Answered by Lord Livermore - Financial Secretary (HM Treasury)

The Government is introducing new permanently lower business rates multipliers for eligible retail, hospitality and leisure (RHL) properties with rateable values below £500,000. These new tax rates are worth nearly £900 million per year, and will benefit over 750,000 properties from April 2026, replacing the temporary RHL relief that has been winding down since COVID.

The scope of the new multipliers broadly reflects the scope of the current RHL relief. The Government has laid legislation defining which RHL properties will be eligible for the new multipliers. To assist Local Authorities (LAs) and businesses in interpreting this legislation, the Government has also published guidance on which properties qualify for the new tax rates. This guidance includes details on how LAs should apply the “wholly or mainly test”, how “visiting members of the public” should be interpreted, and how RHL properties doing a mix of in-person and online sales should be treated.

As administrators of the business rates system, it is the responsibility of LAs to determine whether a hereditament meets the legislative definition of RHL and therefore qualifies for the RHL multipliers. The Government cannot comment on individual ratepayers.


Written Question
Business Rates: Tax Allowances
Tuesday 2nd December 2025

Asked by: Lord Freyberg (Crossbench - Excepted Hereditary)

Question to the HM Treasury:

To ask His Majesty's Government how they expect paragraph 4(a) of Schedule 1 to the Non-Domestic Rating (Definition of Qualifying Retail, Hospitality or Leisure Hereditament) Regulations 2025 to be interpreted for artist studios or galleries that sell work online and provide physical access for exhibition or sale to members of the public.

Answered by Lord Livermore - Financial Secretary (HM Treasury)

The Government is introducing new permanently lower business rates multipliers for eligible retail, hospitality and leisure (RHL) properties with rateable values below £500,000. These new tax rates are worth nearly £900 million per year, and will benefit over 750,000 properties from April 2026, replacing the temporary RHL relief that has been winding down since COVID.

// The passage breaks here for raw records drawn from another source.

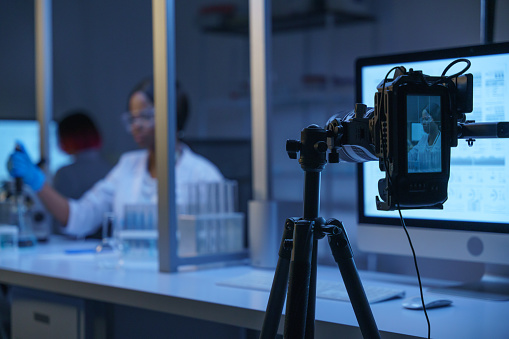 A professional camera shooting an actress in a role of a scientist in a laboratory. Backstage from filming a movie of a photo  set in a laboratory decorations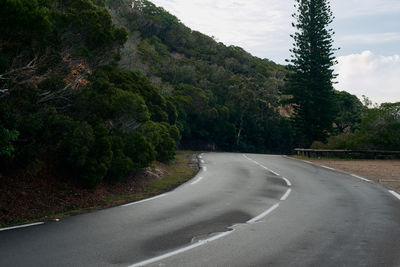 Empty road amidst trees against mountains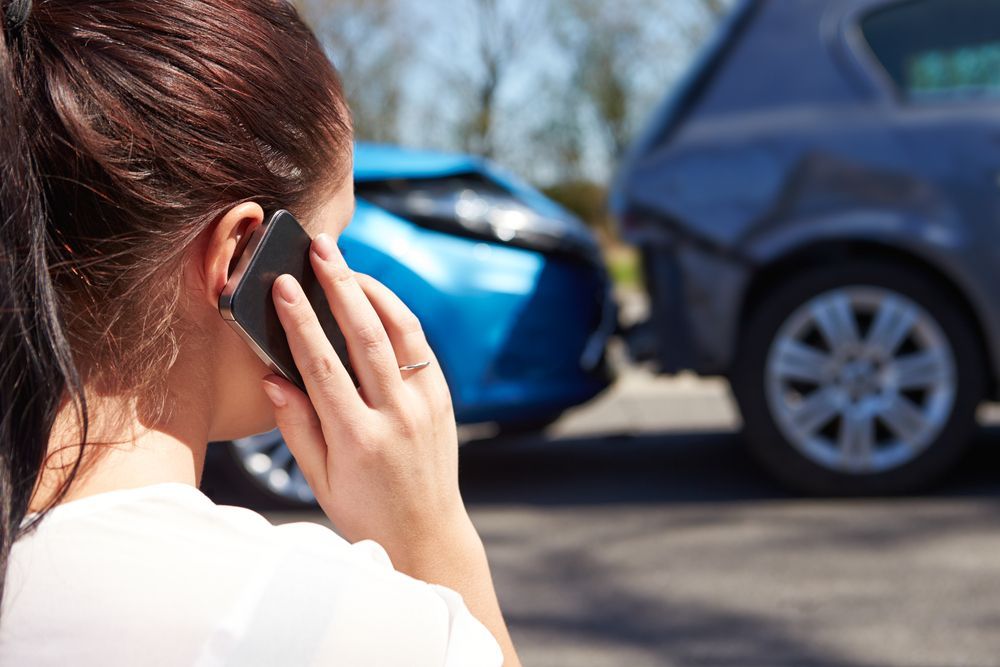 A Woman Is Talking On A Cell Phone In Front Of A Car Accident — Spray Tech Smash Repairs In Gympie, QLD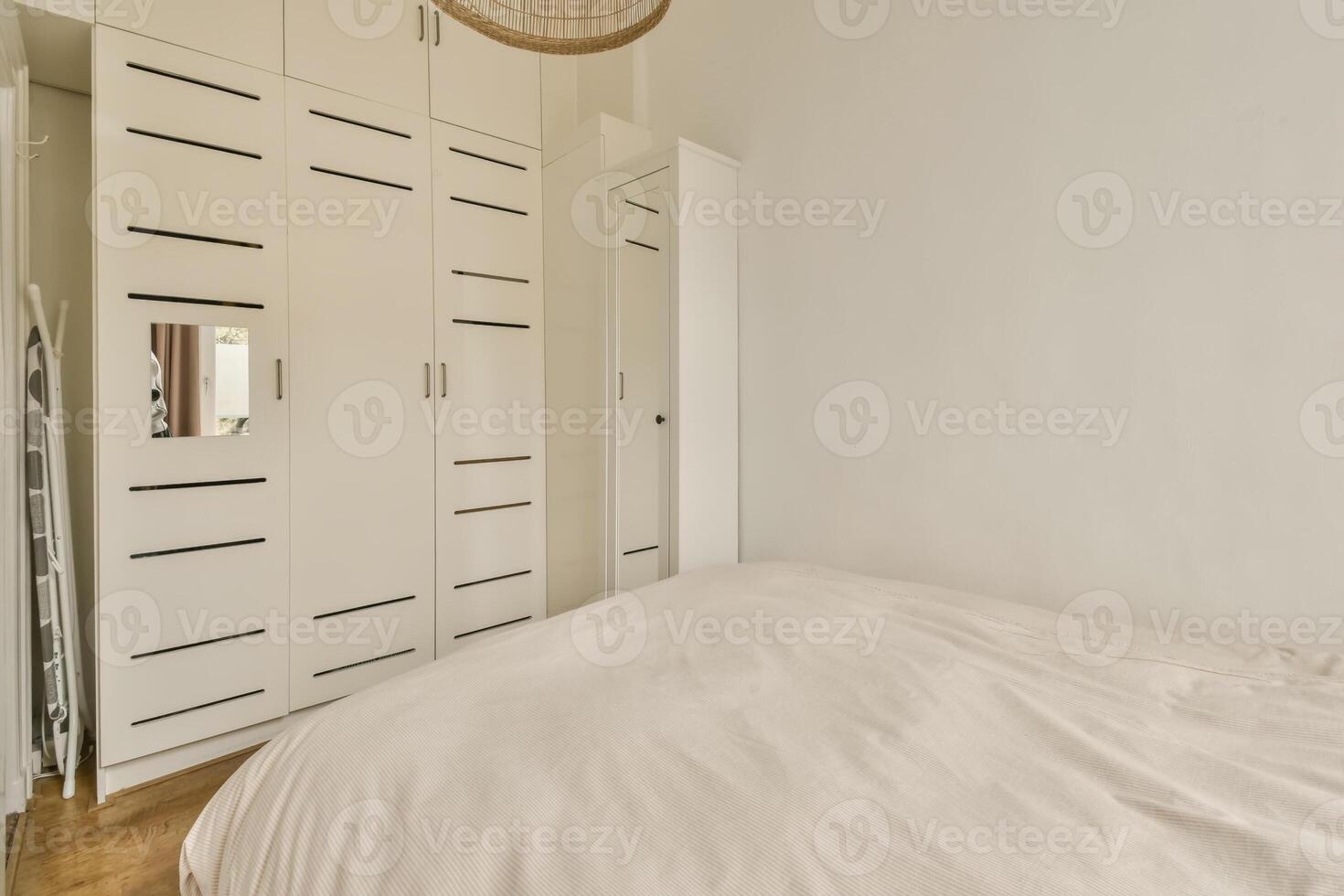 A bedroom with white walls and a bed photo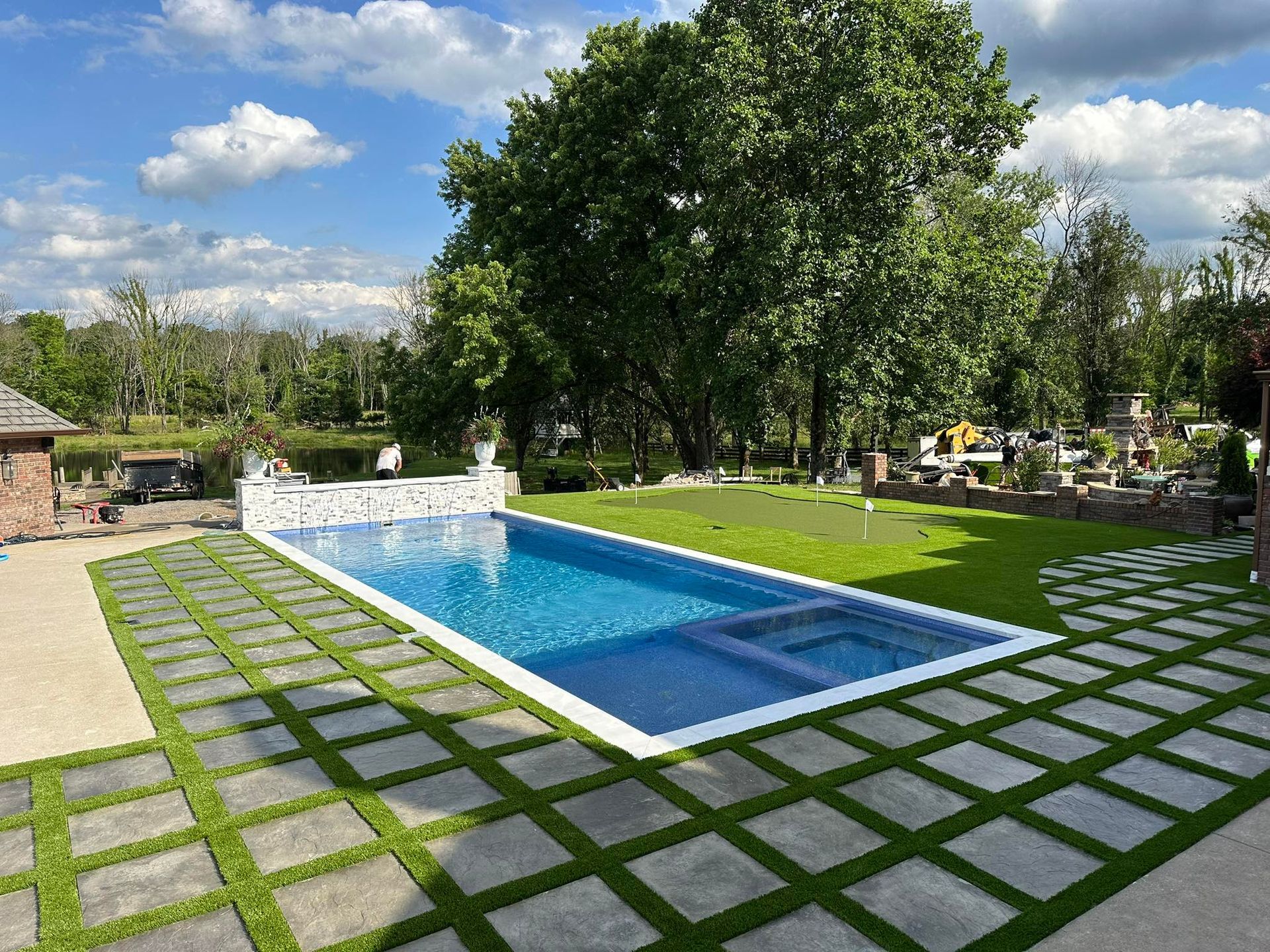 Swimming pool surrounded by green grass, stone pavers, and trees on a sunny day.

The scope of the new multipliers broadly reflects the scope of the current RHL relief. The Government has laid legislation defining which RHL properties will be eligible for the new multipliers. To assist Local Authorities (LAs) and businesses in interpreting this legislation, the Government has also published guidance on which properties qualify for the new tax rates. This guidance includes details on how LAs should apply the “wholly or mainly test”, how “visiting members of the public” should be interpreted, and how RHL properties doing a mix of in-person and online sales should be treated.

As administrators of the business rates system, it is the responsibility of LAs to determine whether a hereditament meets the legislative definition of RHL and therefore qualifies for the RHL multipliers. The Government cannot comment on individual ratepayers.